As part of an all-out effort to hold back the widening current account deficit (CAD), which has sent the rupee into a free fall and further weakened the economy, the Finance Ministry is set to announce a major package next week, comprising of a combination of import compression, long-term external commercial borrowing and foreign capital flow management.
Indian rupee’s further depreciation to fresh lows against dollar on Tuesday, confirmed that emergency measures introduced by the Reserve Bank of India last month to curb volatility had failed. This further built pressure on government to introduce new measures to steam its ongoing freefall.
Given that higher CAD is a direct outcome of export earnings falling short of the import bill leading to shortage of dollars, the customs duty on non-essential commodities such as electronic goods, cars and high-end bikes is likely to go up in order to discourage their import.
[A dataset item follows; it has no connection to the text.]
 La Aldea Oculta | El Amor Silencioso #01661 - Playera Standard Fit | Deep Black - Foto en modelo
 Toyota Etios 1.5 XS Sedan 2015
Meanwhile, the government also expects to contain gold imports to the last year's level of 845 million tonnes to save a considerable amount of foreign exchange, which would help contain CAD.
Further, the finance ministry is also counting on the Reserve Bank of India (RBI) easing interest rates and pumping more liquidity into the system to revive the economy once the rupee stabilises and volatility in the currency market has ebbed.
India’s currency has depreciated around 13% of its value over the past four months, prompting the RBI to introduce a series of reforms in mid-July designed to drain liquidity from the economy, including measures to raise short-term lending rates for banks.